--- Given information Enclosed Below ---
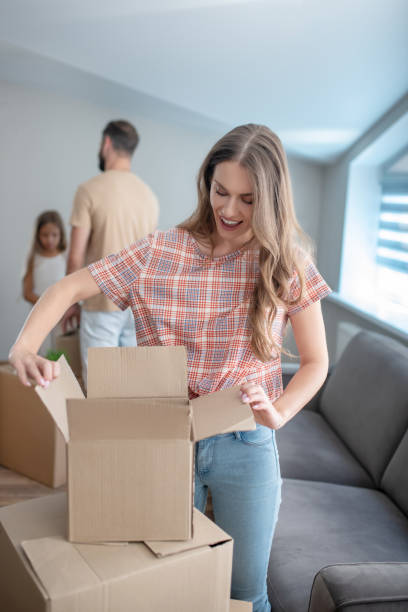 istock Young woman unpacking boxes and looking excited 1271188423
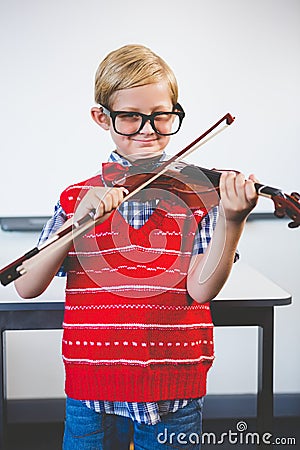 Portrait of schoolkid pretending to be music teacher Stock Photo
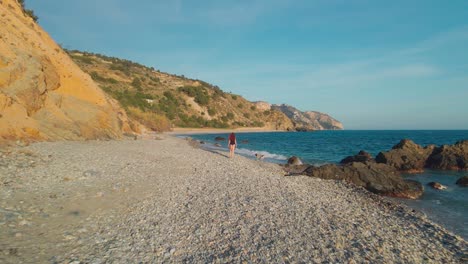 drone moving forward and sideways at a rocky beach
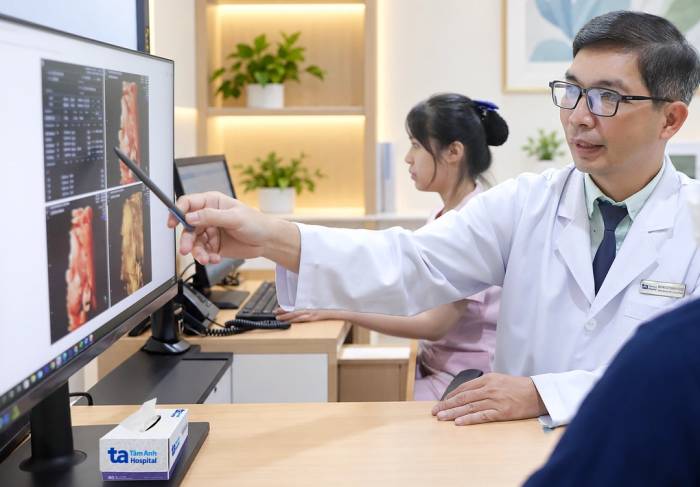 Bác sĩ Thanh Hùng giải thích cho chị Thúy nguy cơ khi mang thai ở tuổi 50. Ảnh: Bệnh viện Đa khoa Tâm Anh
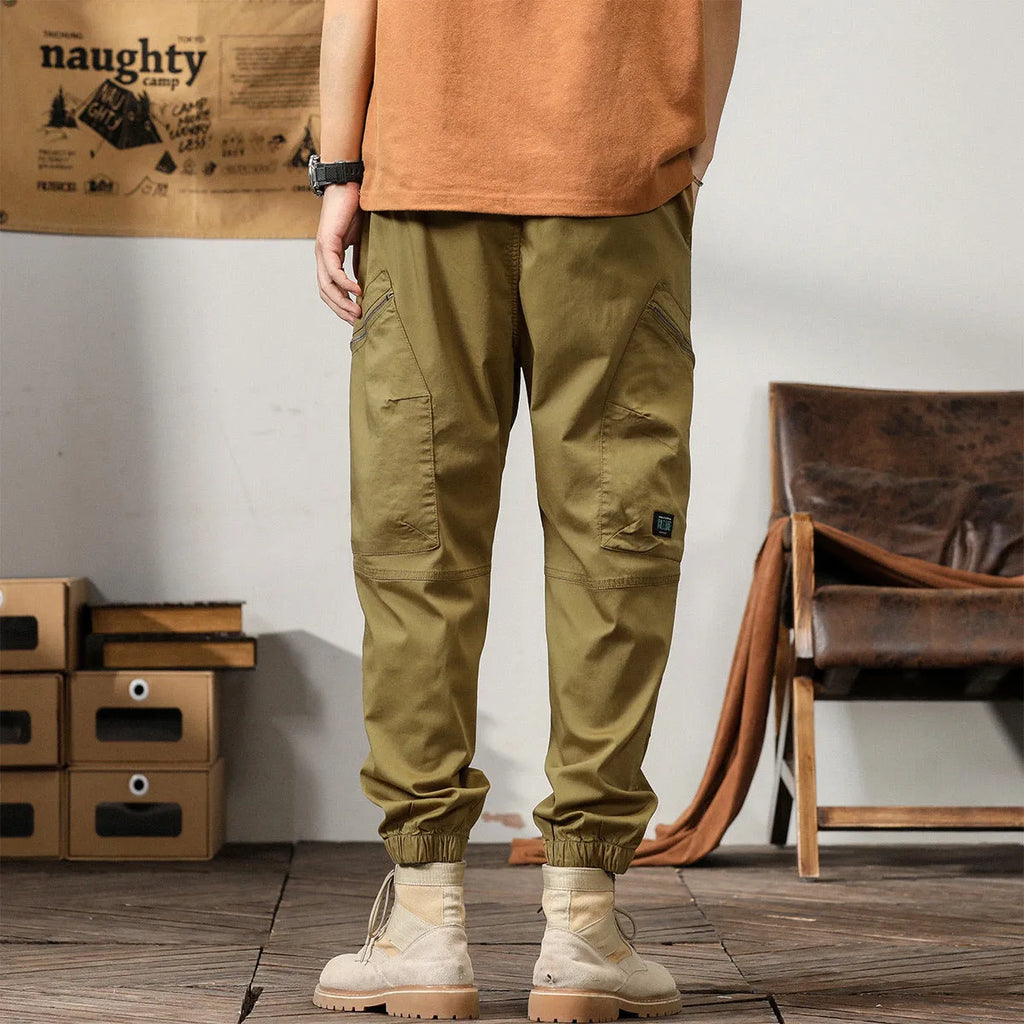 Men's American retro style tapered harem pants with ankle banded leg opening in cotton fabric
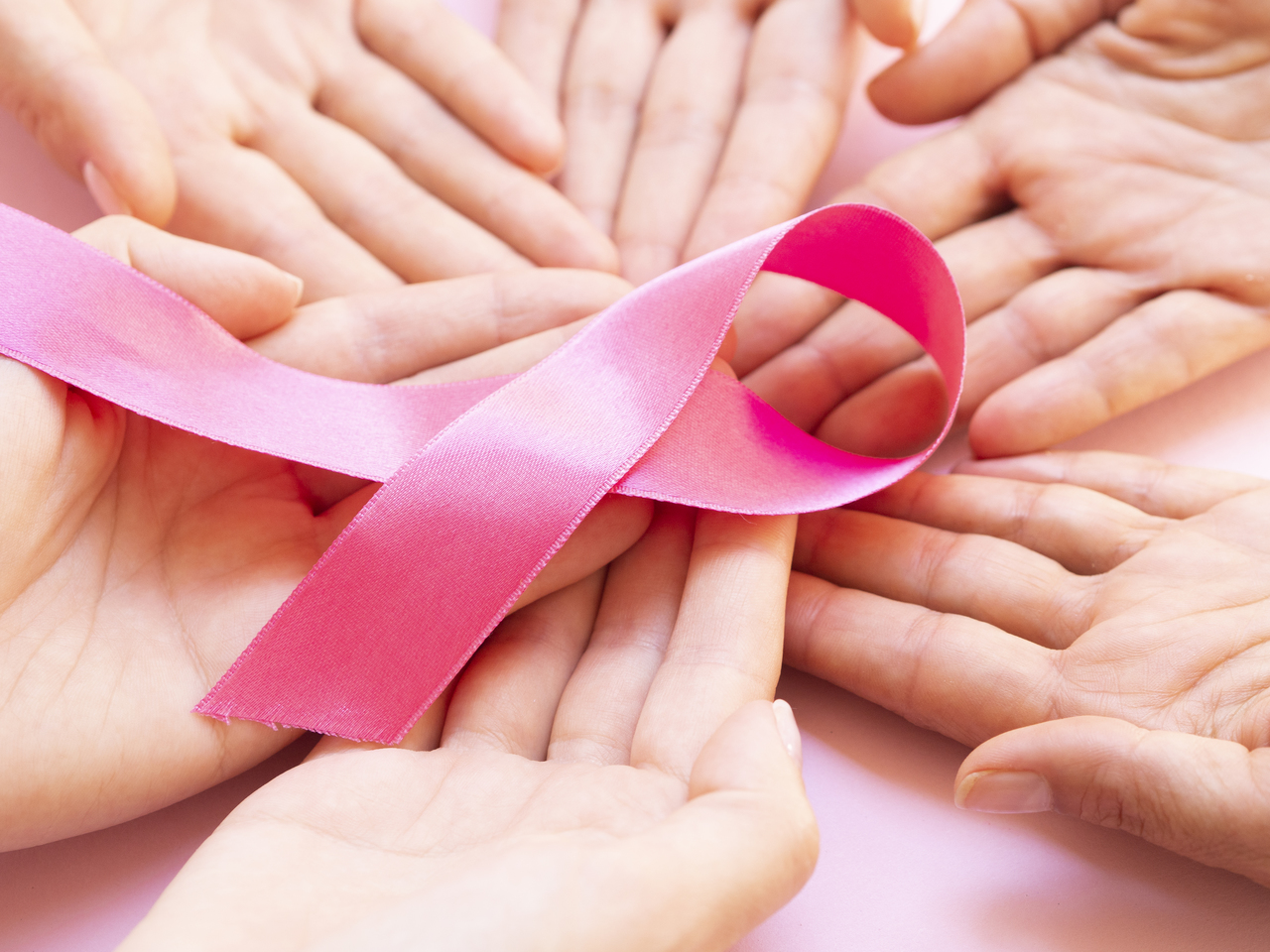 Hand holding a ribbon in the symbol of breast cancer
--- End of Enclosed Given information ---
Task directions: Write the data out again exactly, but without its images.

Written answer:
 istock Young woman unpacking boxes and looking excited 1271188423
 Portrait of schoolkid pretending to be music teacher Stock Photo
 drone moving forward and sideways at a rocky beach
 Bác sĩ Thanh Hùng giải thích cho chị Thúy nguy cơ khi mang thai ở tuổi 50. Ảnh: Bệnh viện Đa khoa Tâm Anh
 Men's American retro style tapered harem pants with ankle banded leg opening in cotton fabric
 Hand holding a ribbon in the symbol of breast cancer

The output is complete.